Co-Authored-By: Claude Sonnet 4.5 <noreply@anthropic.com>
2026-02-02 12:51:17 -06:00

251 lines
7.1 KiB
Markdown

# Issue #196: Fix race condition in job status updates
## Objective
Fix race condition in job status update logic that can cause data corruption when multiple processes attempt to update the same job simultaneously.
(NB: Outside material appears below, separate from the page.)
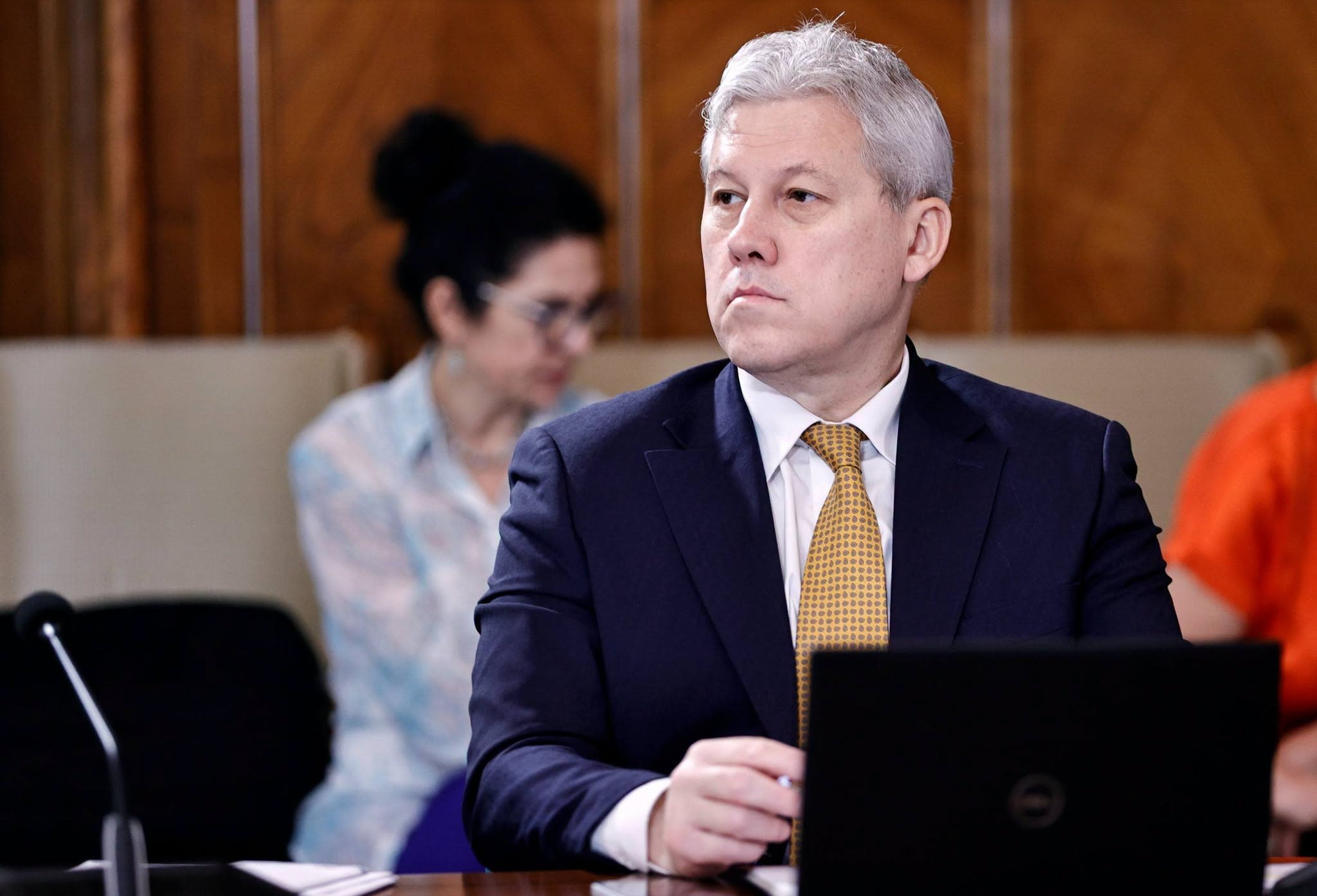 Cătălin Predoiu în discurs, cu harta Europei în fundal Cătălin Predoiu în discurs, cu harta Europei în fundal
This is a P2 RELIABILITY issue.
## Race Condition Analysis
### Current Implementation Problems
1. **RunnerJobsService.updateStatus() (lines 418-462)**
- Read job: `prisma.runnerJob.findUnique()`
- Make decision based on read data
- Update job: `prisma.runnerJob.update()`
- **RACE CONDITION**: Between read and update, another process can modify the job
2. **RunnerJobsService.updateProgress() (lines 467-485)**
- Same pattern: read, check, update
- **RACE CONDITION**: Progress updates can be lost or overwritten
3. **CoordinatorIntegrationService.updateJobStatus() (lines 103-152)**
- Reads job to validate status transition
- **RACE CONDITION**: Status can change between validation and update
4. **RunnerJobsService.cancel() (lines 149-178)**
- Similar pattern with race condition
### Concurrent Scenarios That Cause Issues
**Scenario 1: Double completion**
- Process A: Reads job (status=RUNNING), decides to complete it
- Process B: Reads job (status=RUNNING), decides to complete it
- Process A: Updates job to COMPLETED with resultA
- Process B: Updates job to COMPLETED with resultB (overwrites resultA)
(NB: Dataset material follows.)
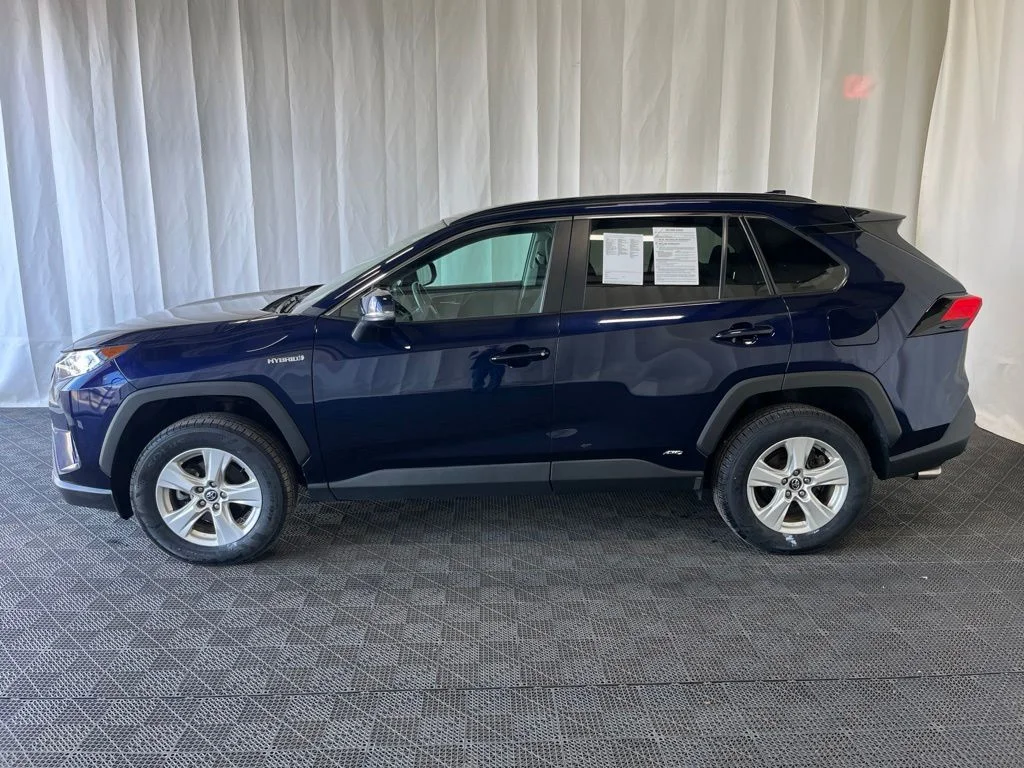 Used 2021  Toyota XLE image 28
- **Result**: Lost data (resultA lost)
**Scenario 2: Progress updates lost**
- Process A: Updates progress to 50%
- Process B: Updates progress to 75% (concurrent)
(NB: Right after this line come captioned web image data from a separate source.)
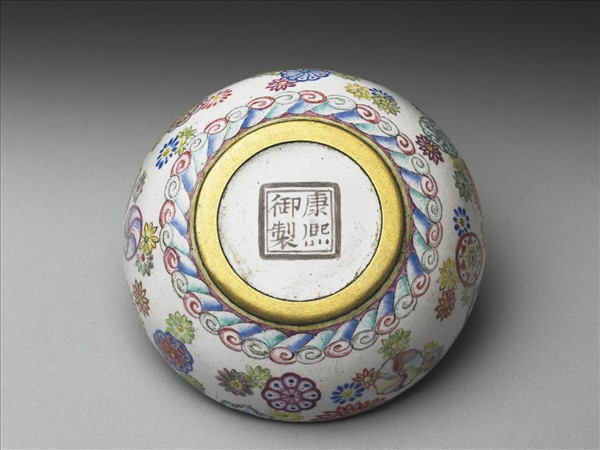 銅胎畫琺瑯花卉紋盒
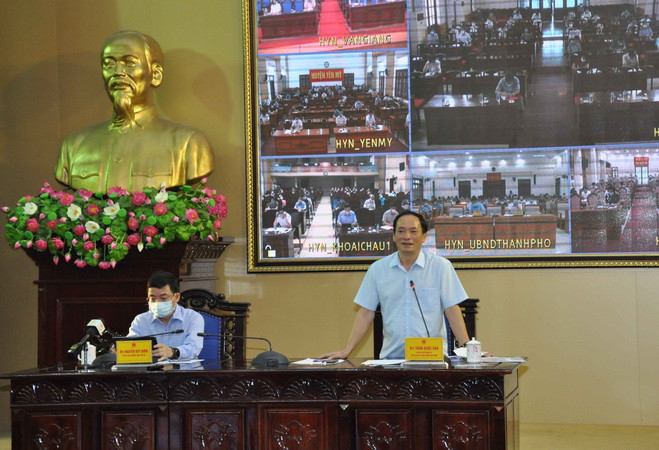 Chủ tịch UBND tỉnh Hưng Yên, Trưởng Ban chỉ đạo phòng, chống dịch COVID-19 tỉnh Hưng Yên Trần Quốc Văn tại cuộc họp. (Ảnh: Đinh Tuấn/TTXVN) Hưng Yên siết chặt các địa bàn có nguy cơ cao theo "phòng là chính" ảnh 1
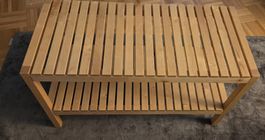 Banc en bois avec étagère
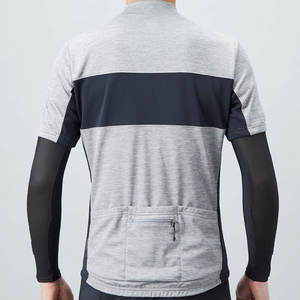 Manchons de cyclisme confortables de couleur unie, vente directe usine, respirants, design uni personnalisable - Product Image 5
- **Result**: One update lost depending on race timing
**Scenario 3: Invalid status transitions**
- Process A: Reads job (status=RUNNING), validates transition to COMPLETED
- Process B: Reads job (status=RUNNING), validates transition to FAILED
- Process A: Updates to COMPLETED
- Process B: Updates to FAILED (overwrites COMPLETED)
- **Result**: Invalid state - job marked as FAILED when it actually completed
## Approach
### Solution 1: Add Version Field (Optimistic Locking)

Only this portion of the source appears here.